VITESSE Documentation						December 7, 1995 

		VITESSE V1.0  (c)1995  Jeff O'Connell

***************************************************************
Summary:
* Program:       VITESSE 
                 (means 'speed' in French)
* Function:      Likelihood Calculation on Pedigrees
* Version:       1.0
* Date:          1995.12.06
* Author:        Jeff O'Connell 
* Copyright:     (c) 1995 Jeff O'Connell 
* Collaborators: Daniel E. Weeks
* Language:      C (ANSI standard)
* Distribution:  via anonymous FTP from 
		 watson.hgen.pitt.edu directory /pub/vitesse (US)
                 ftp.ox.ac.uk    directory  pub/users/ayoung/vitesse (UK)
                 ftp.ebi.ac.uk   
		  directory  pub/software/linkage_and_mapping/hgen_pitt (UK)
                 via WWW from
                 http://info.ox.ac.uk/~ayoung/gas.html  (UK)
* Registration:  via e-mail to jeff@watson.hgen.pitt.edu
* Reference:    "The VITESSE algorithm for rapid exact multilocus 
		 linkage analysis via genotype set-recoding and 
		 fuzzy inheritance", O'Connell JR, Weeks DE,
		 Nature Genetics 11:402-408, December 1995

******************************************************************

--------------------------------------------------------------------
DESCRIPTION:

VITESSE is a software package that computes likelihoods with
the functionality of the LINKMAP and MLINK programs from LINKAGE.

VITESSE uses the novel algorithms of set-recoding and fuzzy inheritance
to reduce the number of genotypes needed for exact computation of the
likelihood, which accelerates the calculation. It also represents
multilocus genotypes locus-by-locus to reduce the memory requirements.

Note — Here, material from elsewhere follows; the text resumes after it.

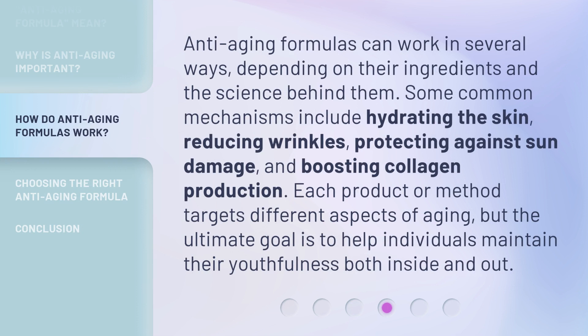Anti-aging formulas can work in several ways, depending on their ingredients and the science behind them. Some common mechanisms include hydrating the skin, reducing wrinkles, protecting against sun damage, and boosting collagen production. Each product or method targets different aspects of aging, but the ultimate goal is to help individuals maintain their youthfulness both inside and out.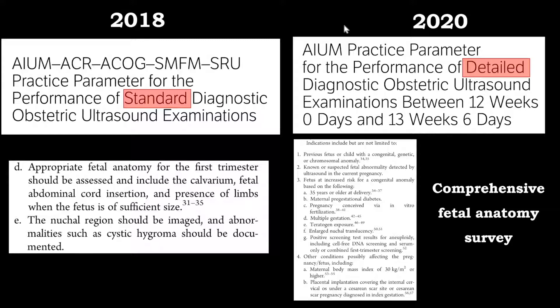As we can see in the most recent AAM guidelines, supported by the other organizations dealing with visualization of the fetus in pregnancy, the standard diagnostic obstetric ultrasound examination requires very limited assessment of the brain. Technically, only the calvarium is mentioned as needing to be assessed within that standard guideline.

The algorithms in VITESSE were developed and coded by Jeff O'Connell at 
the University of Pittsburgh. Dan Weeks at the University of Pittsburgh 
and the Wellcome Trust Centre for Human Genetics at Oxford University 
collaborated.

-------------------------------------------------------------------
FTP DIRECTIONS:

Here are the instructions for retrieving VITESSE.

ftp watson.hgen.pitt.edu
(login as 'anonymous' with your e-mail address as password)

cd pub/vitesse
get vitesse.tar.Z
 
On your machine:

uncompress vitesse.tar.Z
tar xvf vitesse.tar

All files will appear in the directory ./vitesse.

For DOS users: 

cd pub/vitesse/DOS   

get README.DOS

This file will contain further instructions on how to get 
DOS executables when they are available.  
		   
**The entire ftp site on watson is mirrored at the EBI ftp site in
  the UK.
  ftp.ebi.ac.uk
  directory  pub/software/linkage_and_mapping/hgen_pitt

----------------------------------------------------------------------
REGISTRATION/MAILING LIST:

If you wish to be on the VITESSE mailing list to be informed of 
new releases, updates, bug fixes, etc, please register with me at 
jeff@watson.hgen.pitt.edu. 

-----------------------------------------------------------------
PLATFORMS:

VITESSE has been tested on the following platforms:

Sun SPARCStation 10, Solaris 2.3 
Sun SPARCStation 2, SunOS 4.1.3
DEC Alpha, OSF/1.3
HP workstation, HP/UX 9.01
IBM SP2 (parallel RS/6000 CPUs), AIX 3.21
Silicon Graphics Challenge, IRIX 5.2
Silicon Graphics Indigo, IRIX 4.0.5
IBM-PC DOS, BorlandC Compiler (being tested)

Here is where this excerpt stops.